Google Docs as mobile eText reader

As a heavy reader who's also tech-savvy, like many others I have been striving for years to find a decent option for reading the various digital books, stories and articles I now own, and in general have found serious problems with just about every option out there: cellphone screens are too small, computer screens too irritating on the eyes, the Sony Reader too expensive, the Amazon Kindle pretty much useless for anything besides officially sanctioned Amazon eBooks, not to mention all the dozens of software platforms that have to be considered anymore when it comes to developing anything new for mobile devices. And this isn't even mentioning all the disastrous attempts at this topic in the '90s, all of which I tried at least once back then, none of which are even worth bringing up as an example of how not to do things.

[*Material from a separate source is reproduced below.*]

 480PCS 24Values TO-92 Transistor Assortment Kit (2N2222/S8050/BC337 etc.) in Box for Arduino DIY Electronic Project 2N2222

In this world where no great options exist, then, I have at least stumbled across a simple "lifehack" option that seems to at least work pretty well; and that's merely to import your stories into the free online Google Docs, and then access the files later on the go through their mobile portal. For those who don't know, in fact, such online "web applications" are becoming more and more popular and powerful with each passing month, and with more and more of the tech world focused on creating such software, instead of the traditional stand-alone kind you buy on CD and install on your home PC; Google in particular has very quietly gotten extremely good at webapp development, something I'm surprised they don't talk about more in public (but then again, the reasons for most things done at Google are baffling to me).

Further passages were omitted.